### Exercise brief
Reproduce exactly, and only, the lines of the material below running from the line bearing "Elegante Moderne Champagne" through the line bearing "Couteau pliant Spyderco". Leave any pictures out.

### Data to use
[Start of Attachment]

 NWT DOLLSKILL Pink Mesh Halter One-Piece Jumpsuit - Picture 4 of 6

[End of Attachment]
[Start of Attachment]

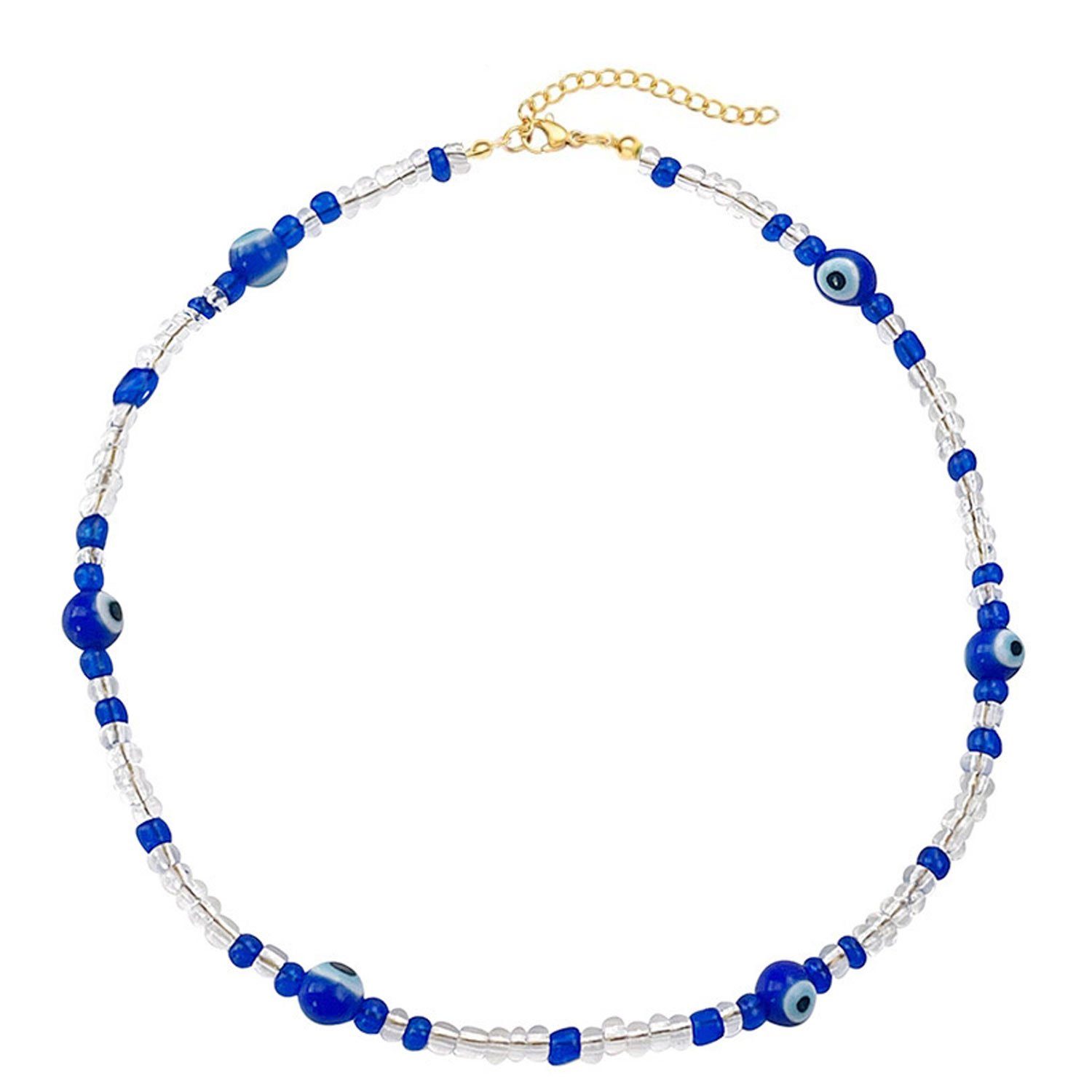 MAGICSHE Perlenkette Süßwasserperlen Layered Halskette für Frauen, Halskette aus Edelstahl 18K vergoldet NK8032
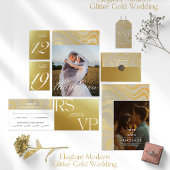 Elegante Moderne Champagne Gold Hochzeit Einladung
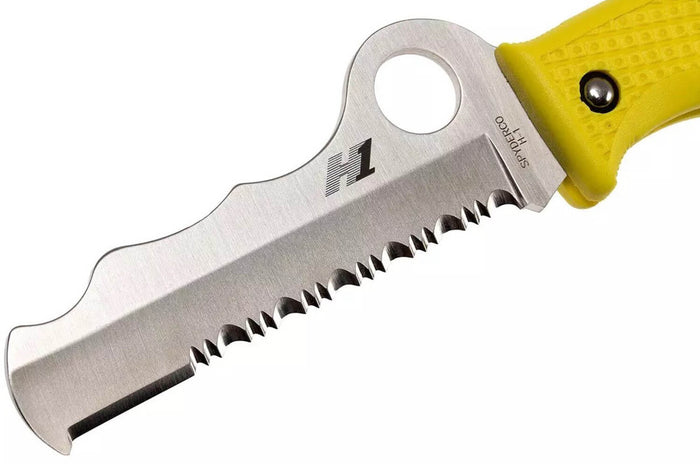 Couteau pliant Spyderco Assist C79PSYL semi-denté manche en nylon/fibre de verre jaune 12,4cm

[End of Attachment]
[Start of Attachment]

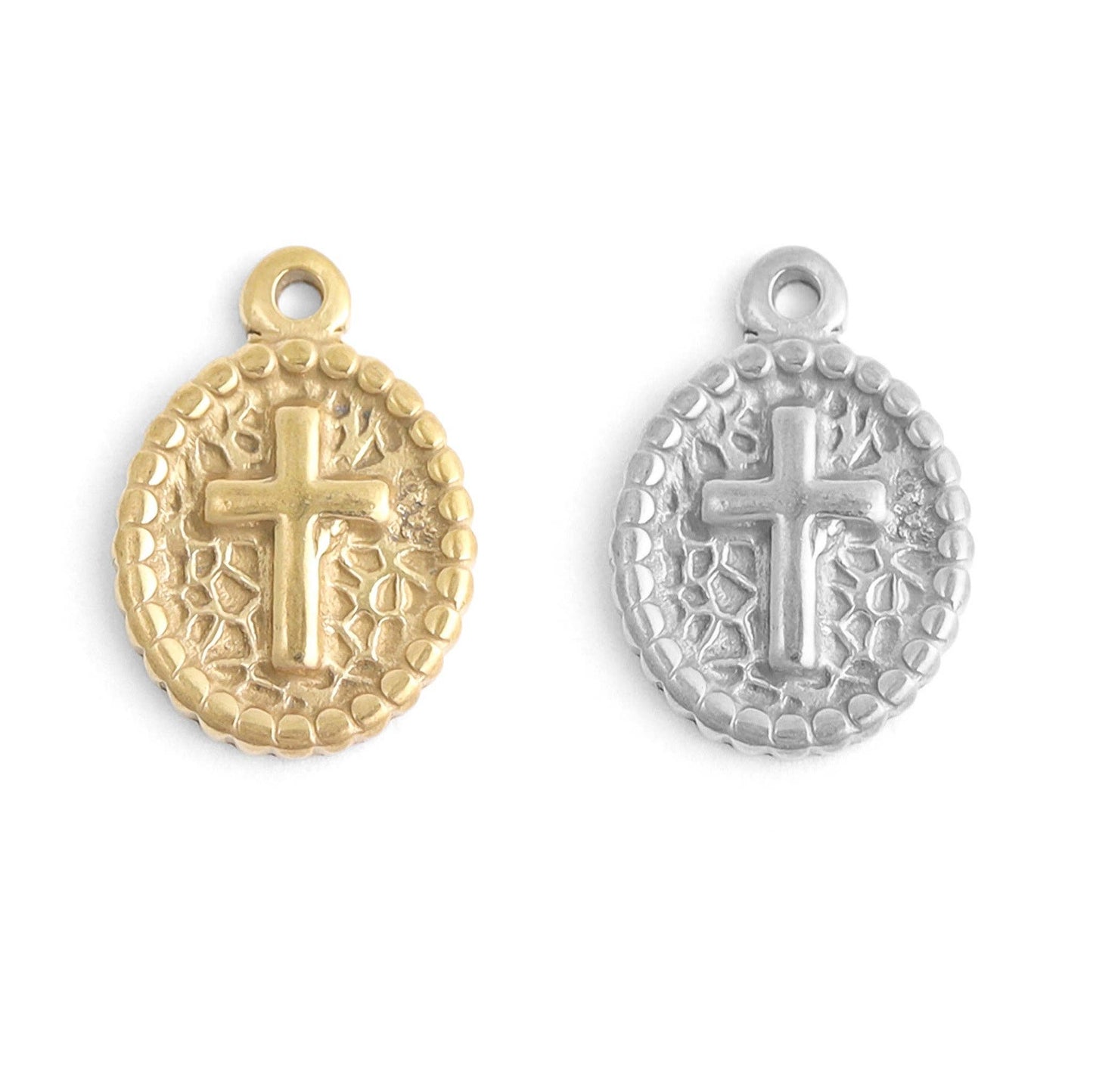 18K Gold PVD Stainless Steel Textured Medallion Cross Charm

[End of Attachment]

### Answer for the task
 Elegante Moderne Champagne Gold Hochzeit Einladung
 Couteau pliant Spyderco Assist C79PSYL semi-denté manche en nylon/fibre de verre jaune 12,4cm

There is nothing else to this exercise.